Our Data Problem - and a cheap way around it

Our Data Problem - and a cheap way around it

Mika: "Guru, how will we defeat the almighty large tech and data in our quest for the holy grail that is dynamic game?"
Guru: "Seek not in others' words but go to the Source and you will soon harness knowledge and enlightenment of data. Go now Mika, for I need to code, that is, meditate."

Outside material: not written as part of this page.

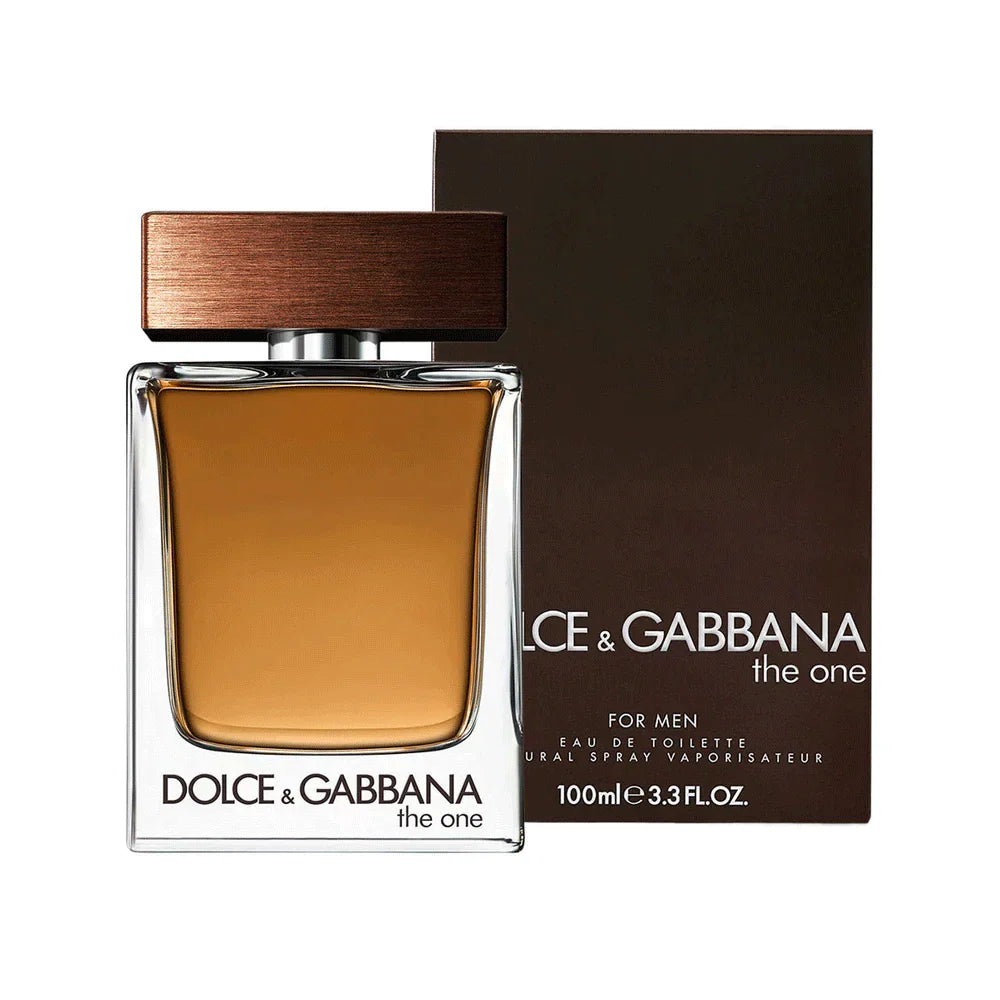 LocalDolce & Gabbana The One Eau De Toilette Spray For Men EDT D&G Perfume Perfumes 3.3oz/100ml 5oz/150ml Long-Lasting Luxurious Elegant Boyfriend Husband Father Brother Birthday Graduation Party Travel Camping Outdoors School Campus Trip Festivals Annive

Facing the limitations of data and Bloomberg's power

The most pressing problem with our neural network and the connected game theory code has been the lack of extensive, relevant data. You can utilise APIs to get basic financial and trading data, such as a few Yahoo finance-based APIs and Alpha Vantage. Then you realise, it is about 5 queries per minute. Unless you automate things and take a six months vacation, this is a problem.

Then you have excellent commercial databases - which are very costly if you need hundreds of millions of data points. And then good-old Bloomberg devastated us, minor players, by launching Bloomberg GPT using decades of extensive trained data. Should we just give in? Unlikely. So, there are two options:

  1. compete head-on with them, or
  2. purchase eventually API rights and build on their work (extremely tempting).

However, you'll still have to train your own models to reach the capability of dealing with the ultimate objective. For us that is being able to play dynamic financial games with a trained neural network - that is, knowing what to do taking into consideration everyone else's optimal actions in changing environment.

Get to the Basics and Do your Scraping

The solution was clear. Albeit, not having a Guru to resort to, I did the next best thing. I did what I was taught at Oxford.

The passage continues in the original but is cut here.